ホンダが2026年内に発売予定だった電気自動車(EV)の開発中止を決めたことで、同社の経営戦略に大きな疑問符がついた。部品メーカーの間ではホンダとの取引に対する不満がくすぶっており、ある社長は「ホンダはあまりにも計画からの振れ幅が大きく、コスパが悪い」と打ち明ける。完成車メーカーと部品サプライヤーとの連携は安定生産の要だが、ホンダの計画精度の低さが信頼を揺るがしている。

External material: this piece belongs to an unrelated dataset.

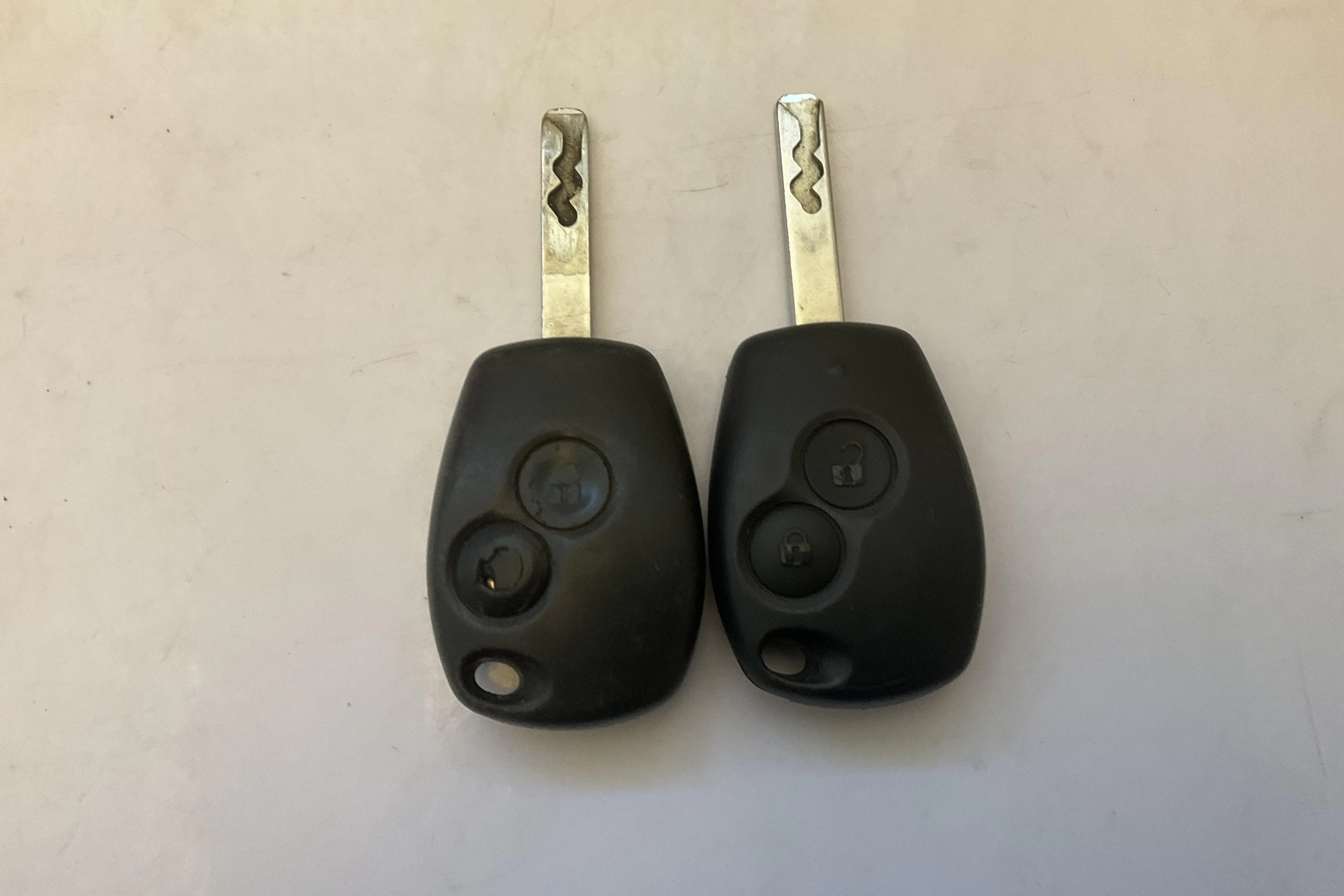 Presentationsfoto 13 av 13: Renault Trafic 1.6 dCi Skåp (125hk) - 18 030 mil - Manuell - vit - 2017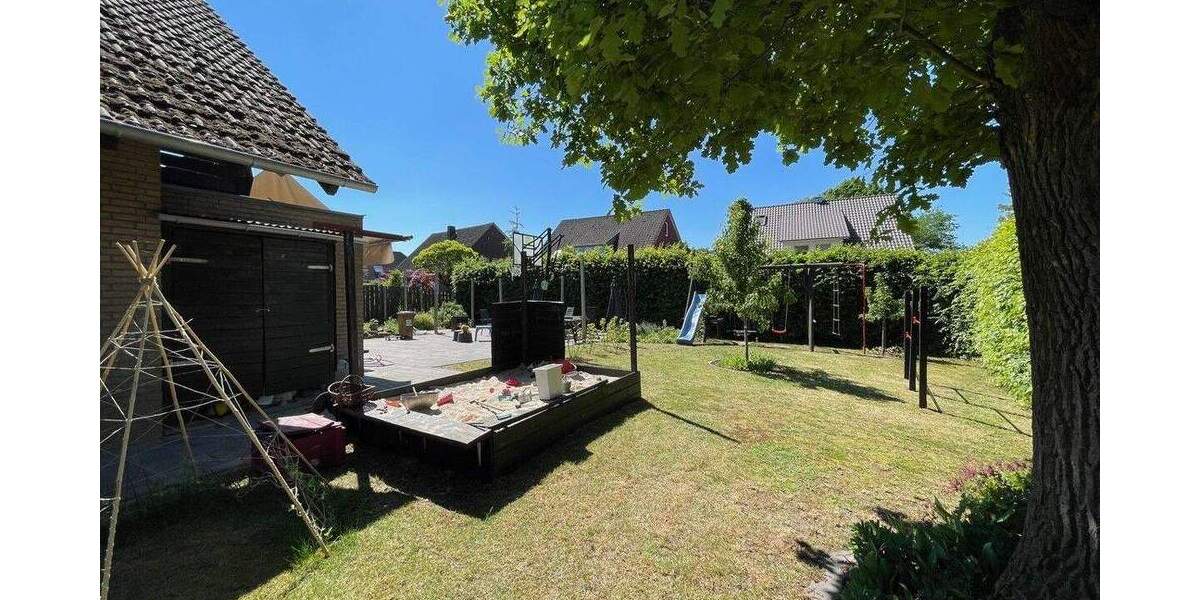 Einfamilienhaus Steinfeld (Oldenburg) Steinfeld - 4 Zimmer, 128 m&sup2;, 320.000&euro; | Angebot:25733232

今春、中部地方の自動車部品会社の社長は、ホンダのSUV「ヴェゼル」新型モデル向け部品の受注を迷っていた。ホンダ向けは生産計画を下回ることが多く、嫌気が差していたという。実際に必要な部品が少なくなれば、多めに確保した人員の人件費が重くのしかかる。
同社長はトヨタ自動車向けの部品も手がけるが、計画の精度に明確な差を感じている。車1台に必要な部品は約3万点に上り、部品メーカーの数は膨大だ。完成車メーカーがこうしたメーカーと信頼関係を築くことは、安定した生産に不可欠である。
ホンダは「脱エンジン」戦略を見直し、EV開発中止に伴い最大2兆円超の損失を見積もっている。危機感を持って進めてきたはずのEVシフトだが、計画の振れ幅やサプライチェーンとの軋轢が誤算を生んだ可能性がある。
創業者・本田宗一郎の「苦しい時の知恵」という言葉が再び注目される中、ホンダはサプライヤーとの関係修復と新たな戦略の両立を迫られている。今後の動向が自動車業界全体の行方を左右するだろう。